By Anand Parthasarathy
Bangalore,  November 6, 2015:  The sale  of majority stock of Polaris Consulting & Services Ltd to the  US-based IT services  company,   Virtusa, marks the end of an era for  the Chennai- headquartered   global financial services  specialist.  The transfer of control is mostly driven  by divestments by  Polaris co-founder Arun Jain  and a few other  promoters.   That may soon signal the end of Polaris as we have known it since  1993.  But the company's DNA lives on --  in the entity  that was hived off the parent in December 2014:  Intellect Design Arena, a separate  company,  now specializing in   digital technologies for Banking & Insurance, rather than pure-play services.  Jain   continues to mentor and head  Intellect, though he  gave up the day to day  responsibilities of a CEO.
The story of Arun Jain and Polaris  is central to the making of India's reputation as a destination for world-class IT  innovation and services. Jain's transition from student to  employee to entrepreneur was telescoped into a few months in 1983. Fresh out of Delhi College of Engineering,with a BE (EE), he took up his first job in Pune with TELCO, the automobile arm of the Tatas  but left very soon for Delhi to join  two of his  college seniors   and start a company, International Information Systems. In 1986, they got a contract from Citibank to provide support to their consumer banking division to manage vehicle loans, loans against financial assets, ATM management and other banking services that at the time were unheard of in India. Jain and his partners set up a separate company, Nucleus Software to run this business, competing against the likes of TCS to bag this contract Nucleus Software set up the back-end system for the first ATM in India in December 1987 .
In 1990, Jain came to Chennai to help set up  India's first credit card system for Citibank (which  had its back office in the Tamil Nadu capital ).  Seizing the opportunity provided by the Citibank contract, Jain built up Polaris to become a global powerhouse of banking and financial innovation and deftly moved beyond services to solutions specialising in technology solutions for financial services. In 1993, he founded Polaris Software Lab  with  120 people in an office near the historic Thousand Lights Mosque, just off Mount  Road ( today, Anna Salai)  in Chennai and it  still remains  the company's global headquarters.    Polaris acquired Citigroup's software business in India,  the largest transaction of   2002 in the country.

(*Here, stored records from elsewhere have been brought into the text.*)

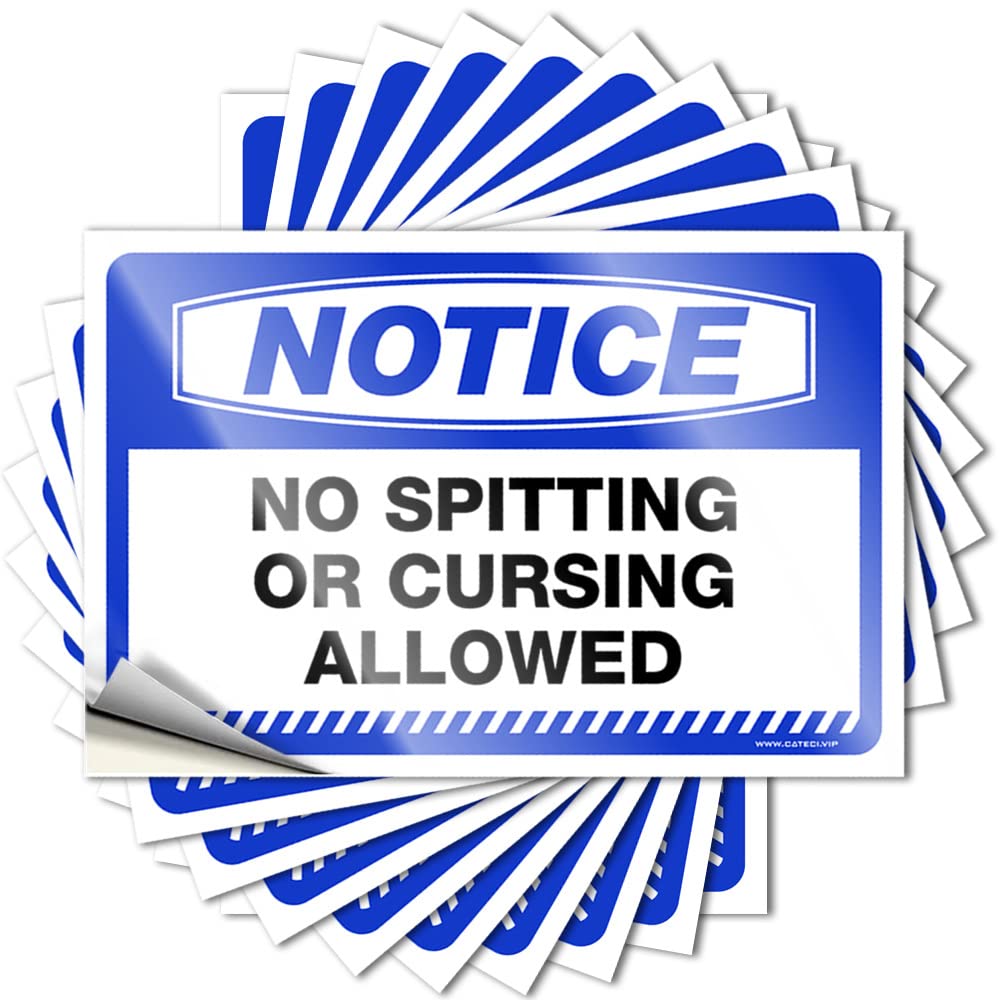 Notice No Spitting Or Cursing Allowed Decals New | Spicy Accessory Removable Decal Pack(12X18CM)
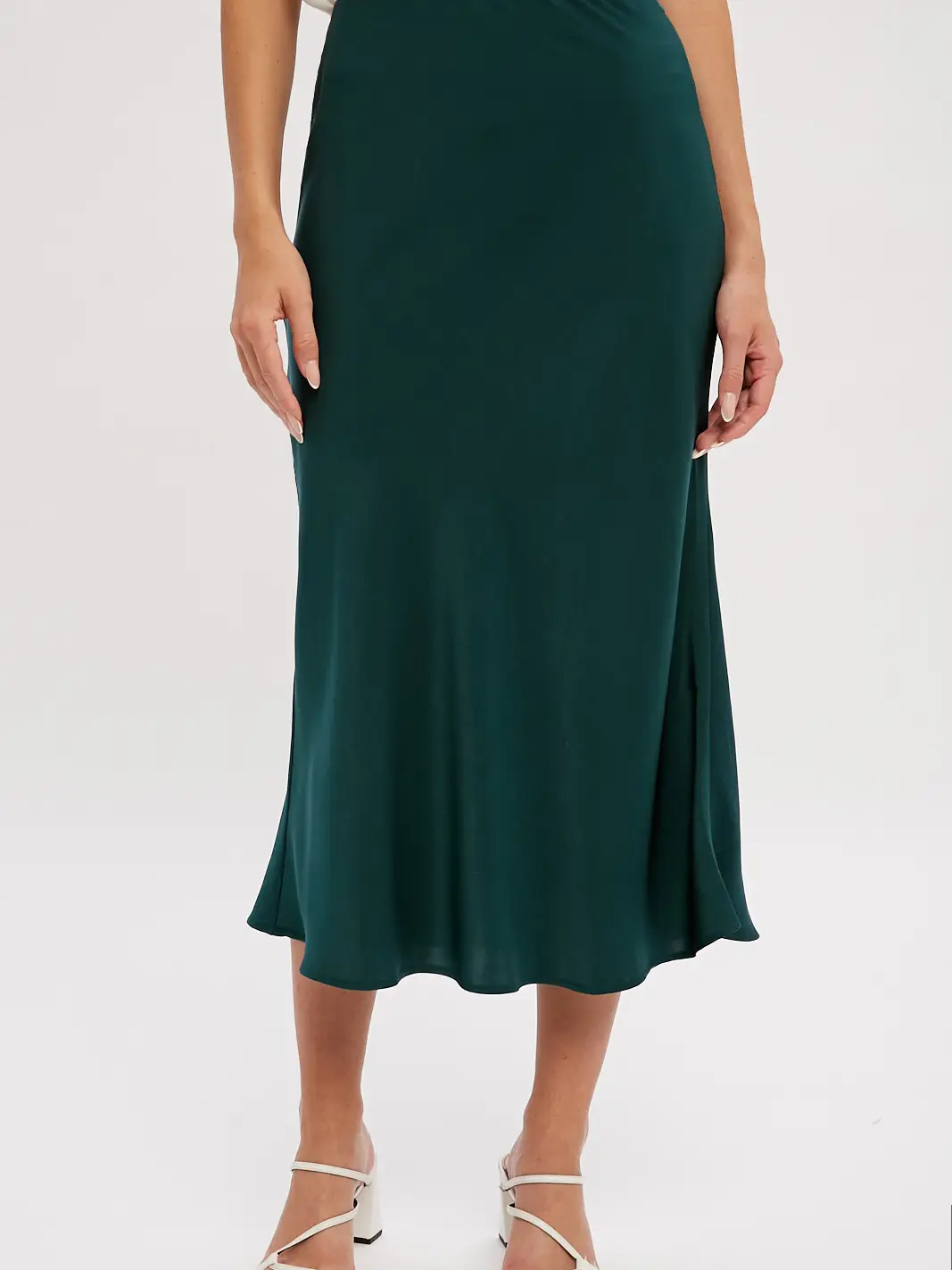 Hunter Green Satin Midi Skirt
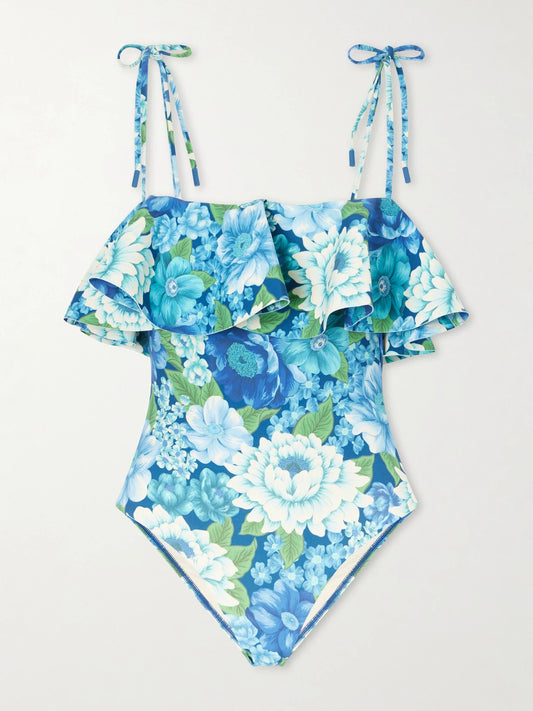Margo Ruffled Floral-print Swimsuit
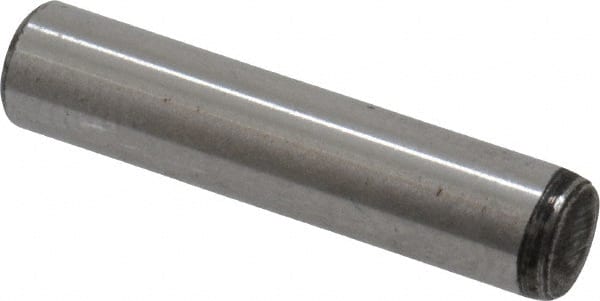 Value Collection - 3/16" Diam x 7/8" Pin Length Grade 8 Alloy Steel Standard Dowel Pin - C 50-58 Hardness, 7,200 Lb Breaking Strength, 1 Beveled & 1 Rounded End - Exact Tooling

"We are proud to be known as an Indian product company creating great world-class products", Jain told me recently, when I interviewed him for a book on India's IT Icons,  that Prof S. Sadagopan, Founder-Director, IIIT Bangalore,  and I are  writing, due   for publication in a few months time, "At Polaris, we have invested heavily in intellectual property and morphed over the years into an entity that is today more innovation than services." 

Another IT Icon
Now he has handed over the baton  to another IT icon -- with roots in India's neighbour, Sri Lanka. If Jain is an Indian IT Icon, Krishnan ( "Kris")  Canekeratne is a Lankan one, perhaps the best known head of a global  infotech company from the island-state.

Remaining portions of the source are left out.